TPMs and secure elements

A Trusted Platform Module (TPM) is a hardware module that combines limited HSM-like capabilities with platform-attestation functions. TPMs are now standard on consumer hardware — Windows 11 requires TPM 2.0, and most servers ship with one. The TPM can:

  • Generate keys that never leave the device.
  • Seal keys to specific platform configurations (the key can only be unsealed when the platform is in a known-good state, providing measured-boot protections).
  • Provide attestation about the platform’s boot state to remote parties.

TPMs are not as capable as full HSMs — they are slower, have limited key storage, and are designed for single-system use rather than cluster operation — but they are universally available and provide hardware-backed key protection at no marginal cost.

Secure elements are similar in concept but more specialized. The Apple Secure Enclave, the Google Titan M chip, and various smart-card-class chips embedded in phones and laptops are all secure elements. They typically have a narrower API than TPMs but tighter integration with the platform.

Cloud KMS

The dominant key management pattern for cloud-deployed applications in 2026 is cloud KMS — a managed service operated by the cloud provider that holds keys in their HSM infrastructure and exposes a simple API for cryptographic operations.

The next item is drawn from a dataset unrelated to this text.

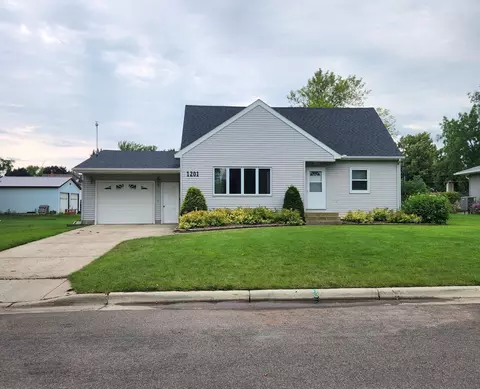 1201 W Park Ave, Olivia, MN 56277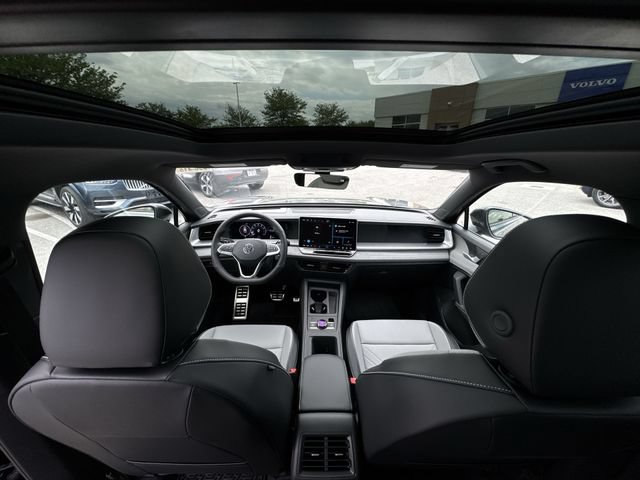New 2026 Volkswagen Tiguan SE R-Line FWD image 20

The three major offerings:

  • AWS KMS — symmetric keys, asymmetric keys (RSA and ECC), HMAC keys. Backed by AWS CloudHSM internally. Integrated with most AWS services for envelope encryption.
  • Google Cloud KMS — similar feature set, with Cloud HSM for keys that need to stay in FIPS 140-2 Level 3 hardware. Integrated with GCP services through the same envelope encryption pattern.
  • Azure Key Vault — Microsoft’s offering. Two tiers: standard (software-backed) and premium (HSM-backed). The premium tier is the right choice for production cryptographic material.

Cloud KMS adds capabilities beyond raw HSM access:

  • Key rotation automation. Most cloud KMS services can rotate symmetric keys automatically on a configured schedule, with old key versions retained for decrypting historical data.
  • Granular IAM. Access to specific keys is controlled by the cloud provider’s identity system, with audit logging of every key usage.
  • Envelope encryption. Rather than encrypting data directly with the KMS key (which would route every byte of data through the KMS API), applications generate data encryption keys (DEKs) locally, encrypt the data with the DEK, and encrypt the DEK with the KMS-held key encryption key (KEK). The encrypted DEK travels with the data; only the small KEK operation requires the KMS round-trip.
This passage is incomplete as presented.